My perspective, however, differs from the overall picture that FIASCO paints. In today’s alphabet world of SPDRs, CDOs, ABSs, and so on, it may be difficult to remember that the derivatives and structured finance business of the 1990s – the period about which Frank was writing – was still relatively new. For example, the first non-CBOT equity derivatives were not publicly listed until January 1990, and that required a series of SEC-approved rule changes. PERLs (principal exchange rate linked notes), which are highlighted in FIASCO, were relatively new and the “cutting edge” in structured derivatives. Today, there is an active and deep retail market in exchange-traded puts and calls; and PERLs have become fairly standardized. In the FIASCO environment, however, it’s not a surprise that there would be informational asymmetries, regulatory arbitrage and simple, garden variety fraud. Practitioners at the time will recall some of the abuses described in FIASCO (and numerous others that aren’t).

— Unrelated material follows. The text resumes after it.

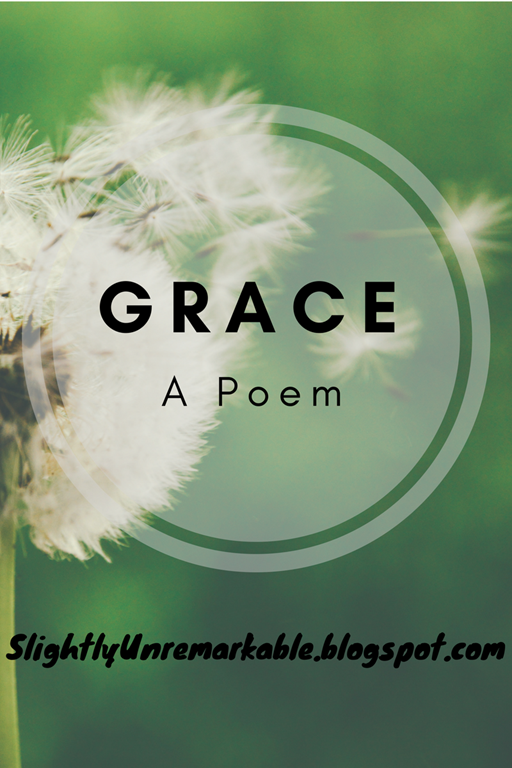 Grace - A Poem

However, I think there is another
side of the story that is worth noting. Let me use one example from FIASCO to illustrate my point. FIASCO notes that U.S. governmental agencies were
large issuers of structured notes, and attributes that to traders in insurance
companies, pension funds, and others who were looking to hide what were, in
effect, derivatives transactions within investment grade securities – a kind of
regulatory arbitrage. No doubt, there
were instances of this occurring – I came across this myself, and I recall a
few cases where public pension funds repudiated trades on the basis that they
were not authorized to enter into them in the first place. But, in light of those concerns, many firms
also instituted pre-screening requirements, including (in some cases) a legal
opinion on the purchaser’s authority to buy the relevant securities. So why, then, use
Many purchasers had clear caps on the amount of illiquid securities they could purchase. Rule 144A had only recently been introduced (in 1990) and, in many instances, did not satisfy the purchaser’s liquidity requirement. Although Regulation D was already 10 years old, there were concerns about integrating/aggregating derivative instruments – if an issuer sells notes that are linked to the Nikkei index on Monday, where the index price is struck at 10,000, and then issues a second series of Notes on Tuesday, where the index price is struck at 10,100 (due to an overnight change in the Japanese stock markets), are they considered part of the same offering? And at what point might the combined series of issuances (and the efforts to sell them) be considered a general solicitation? A registered offering, on the other hand, raised its own set of concerns – the normal concerns over delays associated with SEC review, but also competitive concerns since publicly available SEC filings would tip your new products to your competitors. Universal shelf registration was only introduced in 1993, and I’m aware of at least one instance in the mid-1990s where the SEC staff had comments on the disclosure in a prospectus supplement after a takedown had occurred (what a nightmare!). So where to turn? U.S. governmental agencies solved a lot of problems – their securities are exempt from the 1933 Act registration requirements (avoiding the Regulation D and after-the-fact SEC comment concerns), they meet most purchasers’ liquidity requirements, and as an added bonus (during the pre-Gustafson years), they were part of a small class of issuers that were understood not to take on § 12(a)(2) disclosure liability. Plus they had investment grade ratings and were relatively sophisticated about new financial instruments.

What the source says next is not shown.